Fix the existing RMS data corruption in 32-bit RMS and/or in the C
library, and get PostgreSQL available on OpenVMS soonest. I expect this
is the priority for VSI.
Most likely.
Post by Stephen Hoffman
Everything else is aspirational.
Integrate stream file access support at the XQP and allow C and C++ and
other non-punched-card-style app designs and stream- and OO-focused
languages to optionally bypass RMS entirely.
I don't use C, so I don't know much about it. But isn't this
capability already available?
The C standard functions—the equivalent of the BASIC calls OPEN, READ,
WRITE, et al—are via RMS. There's no knob to tell C "don't do that".

The C default sequential file format creation format on OpenVMS is RMS
VFC, which has been a perpetual source of confusion and consternation
for users new to C on OpenVMS.
Post by Dave Froble
Even RMS has the BLOCK I/O capability, at least from Basic.
C doesn't do sector I/O within the standard library, though the native
platform calls are easily available.
Post by Dave Froble
As far as I know, QIO doesn't know a thing about RMS. Well, the
directory structure does know RMS, and to an extent is RMS.
$qio (and $io_perform) offer sector access through RMS (virtual),
record access through RMS (virtual), or access to device through the
file system (IO$_ACPCONTROL XQP), or direct access to the device driver
and device (logical and physical I/O).

The VIRT_IO virtual I/O paths through RMS and through the XQP are
cluster-aware, while the LOG_IO logical and PHY_IO physical I/O paths
are not.

RMS provides record locking for cluster coordination, while the XQP
provides coordination for the on-disk file system.
Post by Dave Froble
Post by Stephen Hoffman
Better integrate and document the existing range-locking support
available within DLM.
Yes, for sure. And if needed, make it much better.
Post by Stephen Hoffman
And in aggregate, stop trying to make the current 32-bit RMS NoSQL
database more complex than it already is, and re-architect such that
32-bit RMS NoSQL database becomes just another available database, and
preferably while providing room for 64-bit RMS rather than trying
another OpenVMS Alpha V7.0-style 32-/64-bit or FAB/RAB/RAB64/NAM/NAML
design, and make 32- or (hypothetical) 64-bit RMS not the sole
persistent-storage "funnel" for structured file access for apps running
on OpenVMS, short of those few using XQP or LOG_IO or PHY_IO. Existing
RMS apps are already headed for "fun" as part of the upcoming 64-bit
LBN work for VSI and for apps, and a whole lot of those apps just won't
make it past messes similar to apps still tied to ODS-2 naming. I'd
wager that most existing apps don't yet fully support ODS-5 naming,
UTF-8 and all, too. Similar app messes with latent 32-bit RMS
dependencies.
Oh, no, Steve. That is much too logical and reasonable. Can't have
that. We must insure that things stay totally screwed up.
I'd prefer an approach where there's some opportunity to ease new work
and new APIs into production, and to also retire overtly-busted APIs.
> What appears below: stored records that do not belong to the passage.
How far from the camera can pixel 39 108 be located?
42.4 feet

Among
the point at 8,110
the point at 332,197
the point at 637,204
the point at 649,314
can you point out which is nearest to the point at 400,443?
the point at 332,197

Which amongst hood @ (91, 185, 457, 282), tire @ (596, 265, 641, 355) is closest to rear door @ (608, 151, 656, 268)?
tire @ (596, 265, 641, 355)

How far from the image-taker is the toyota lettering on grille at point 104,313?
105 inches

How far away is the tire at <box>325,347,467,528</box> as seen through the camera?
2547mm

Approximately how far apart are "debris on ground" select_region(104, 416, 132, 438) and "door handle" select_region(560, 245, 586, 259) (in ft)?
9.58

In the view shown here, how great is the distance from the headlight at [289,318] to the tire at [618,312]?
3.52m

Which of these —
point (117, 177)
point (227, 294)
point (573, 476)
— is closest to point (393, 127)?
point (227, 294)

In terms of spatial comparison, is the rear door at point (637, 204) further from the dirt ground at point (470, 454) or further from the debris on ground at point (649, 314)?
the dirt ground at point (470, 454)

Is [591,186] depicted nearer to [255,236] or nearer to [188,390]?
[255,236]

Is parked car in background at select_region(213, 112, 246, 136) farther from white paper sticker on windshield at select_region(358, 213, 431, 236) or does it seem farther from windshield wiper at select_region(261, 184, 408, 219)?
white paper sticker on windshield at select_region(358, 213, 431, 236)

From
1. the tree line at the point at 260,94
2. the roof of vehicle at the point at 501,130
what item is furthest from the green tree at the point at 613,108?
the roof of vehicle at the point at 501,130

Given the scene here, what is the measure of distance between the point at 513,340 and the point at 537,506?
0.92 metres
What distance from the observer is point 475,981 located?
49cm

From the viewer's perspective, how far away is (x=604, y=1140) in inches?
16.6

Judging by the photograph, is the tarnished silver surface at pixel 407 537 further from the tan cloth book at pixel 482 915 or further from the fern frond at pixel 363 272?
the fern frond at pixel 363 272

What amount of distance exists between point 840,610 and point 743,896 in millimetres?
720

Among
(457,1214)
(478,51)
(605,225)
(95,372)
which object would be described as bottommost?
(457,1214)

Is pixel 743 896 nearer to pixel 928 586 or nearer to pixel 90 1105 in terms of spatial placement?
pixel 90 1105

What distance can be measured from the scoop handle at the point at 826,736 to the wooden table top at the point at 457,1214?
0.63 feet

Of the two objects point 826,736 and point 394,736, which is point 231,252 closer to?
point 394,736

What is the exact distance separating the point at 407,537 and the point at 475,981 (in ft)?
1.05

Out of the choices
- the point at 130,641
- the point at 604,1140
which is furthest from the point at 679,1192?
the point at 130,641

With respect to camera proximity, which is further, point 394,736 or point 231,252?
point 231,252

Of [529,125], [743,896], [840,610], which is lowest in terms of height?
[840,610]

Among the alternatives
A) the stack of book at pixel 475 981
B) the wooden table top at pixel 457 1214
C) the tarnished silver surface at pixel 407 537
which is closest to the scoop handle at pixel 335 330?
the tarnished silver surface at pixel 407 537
Oracle Rdb was really good at that migration and for as far as that
went, but most other apps and OpenVMS itself have not managed to copy
that. Not successfully.
Post by Dave Froble
Don't know how far work had progressed on alternate file systems.
Might or might not help to make RMS "just another capability". But,
doing what you suggest would go a long way toward making VMS more
useful in the future.
I've got the suspicion that VMS clusters, while good, create some of
the problems in attempting to add new capabilities to VMS. Need I
mention "MOUNT"? Better segregation might help to add new and
different capabilities. Not sure how easy that might be.
Oracle Rdb and some other databases have cluster access locking,
whether using DLM or database-level locking.

Other databases can be single-host.

The SQLite port to OpenVMS supports DLM and clustering.

PostgreSQL has been adding replication and clustering:
https://www.postgresql.org/docs/9.5/different-replication-solutions.html

Whether an OpenVMS port of PostgreSQL can incorporate DLM calls is
fodder for future discussions, once the SSIO prerequisite becomes
available and a hypothetical future PostgreSQL port becomes stable. A
stable PostgreSQL will interest some folks, with adoptions depending on
both intrinsic interest and, um, potential extrinsic factors not yet in
evidence.

And no, you need not mention MOUNT, having necessarily (re)written what
MOUNT provides on several occasions.
--
Pure Personal Opinion | HoffmanLabs LLC
Arne Vajhøj
2021-10-07 18:36:28 UTC
Reply
Permalink
Post by Stephen Hoffman
https://www.postgresql.org/docs/9.5/different-replication-solutions.html
Whether an OpenVMS port of PostgreSQL can incorporate DLM calls is
fodder for future discussions, once the SSIO prerequisite becomes
available and a hypothetical future PostgreSQL port becomes stable. A
stable PostgreSQL will interest some folks, with adoptions depending on
both intrinsic interest and, um, potential extrinsic factors not yet in
evidence.
PostgreSQL clusters are active/passive.

All updates and typical all reads goes to the active node
and updates get replicated from the active node to the passive nodes.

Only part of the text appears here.